The Eagles would take us on a tremendous, wild ride.
In the 1980s, we saw bounty bowls, body-bag games, and houses of pain. We saw a ferocious Buddy-built Eagles defense that pulverized opposing offenses.
We saw Randall make five incredible, acrobatic plays per game.
We saw Leonard Tose attempt to sell and move our precious birds to Arizona.
We saw another great defense and a franchise quarterback named Donovan McNabb lead the Eagles to NFC Championship Game after NFC Championship Game in the mid-2000s.
We saw the Eagles almost win that championship in 2005, and McNabb get sick on the field. And then TO letting us know that McNabb got sick on the field.
We saw Chip Kelly’s incredible speed offense that not only exhausted NFL defenses but also his own.
And a Philly-Special that helped propel the Eagles to win their first ever Super Bowl over Tom Brady and the Patriots. We even have Nick Foles and Doug Pederson in a bronze statue in South Philly outside of Lincoln Financial Field.
Really it’s there.
There are a couple of honorable mentions that need to be included while making this trip through Eagles history. The man who created the first vision for the Eagles was Bert Bell. Through nearly a decade of hard times, Bell never game up on his vision of an Eagles franchise that was loved by not just for Frankford but by all of Philadelphia as well as the Philadelphia region.
We should have put him on Shark Tank.
In the beginning he answered the phone and sold tickets for the team. But he never gave up on his dream or his vision.
And then we have perhaps one of the most disliked men in Philadelphia right now, former Coach Andy Reid. He took an Eagles franchise down in the dumps and brought it back to prominence. For nearly a decade under his leadership, the Eagles were consistently at the top of the NFC.

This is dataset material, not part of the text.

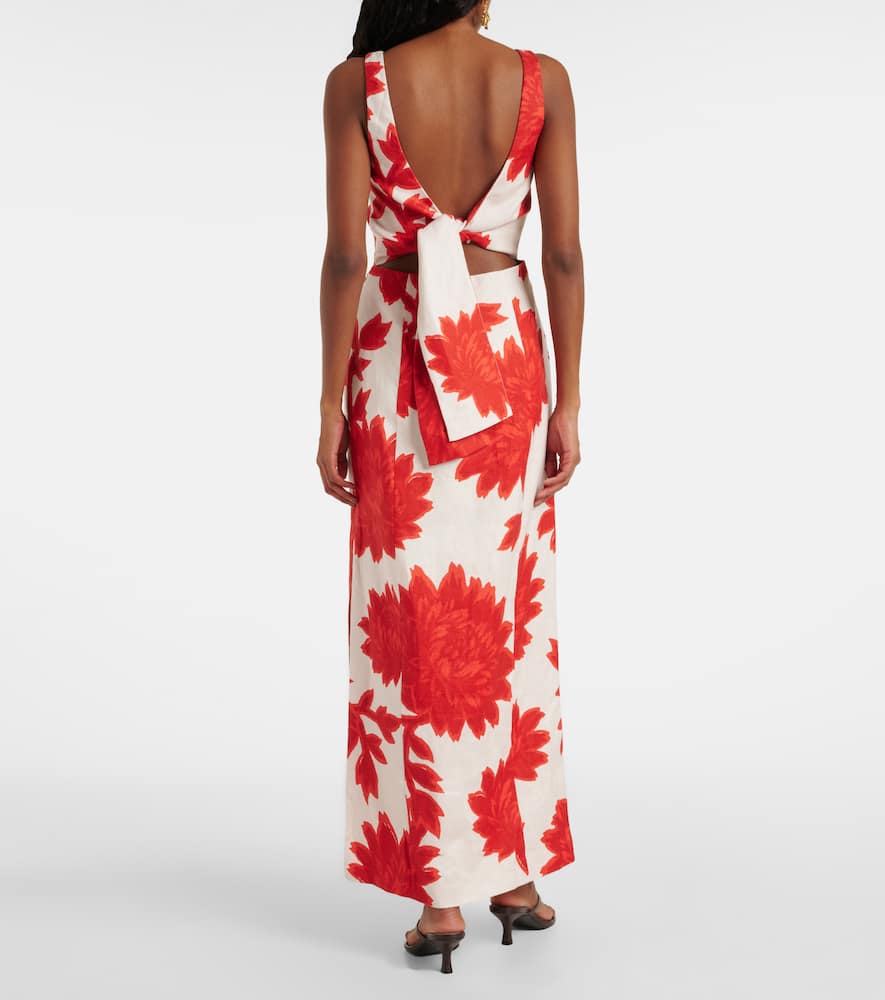 Floral linen maxi dress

What is the best part of our 90-year Eagles?
That is easy, it’s right now.
This generation of Eagles fans is witnessing one of the best times in Philadelphia Eagles history. They’ve seen the Eagles win the NFC last season with one of the best quarterbacks in the league who hasn’t even begun to reach his full potential yet. And they’ve seen a dream that every generation has had before us, watching an Eagles Championship Parade down Broad Street.
The next great telling of the history of the Philadelphia Eagles will come from this young generation of Eagles fans who no doubt doesn’t know how good they have it.
Bert Bell would be proud. Somewhere, he definitely is.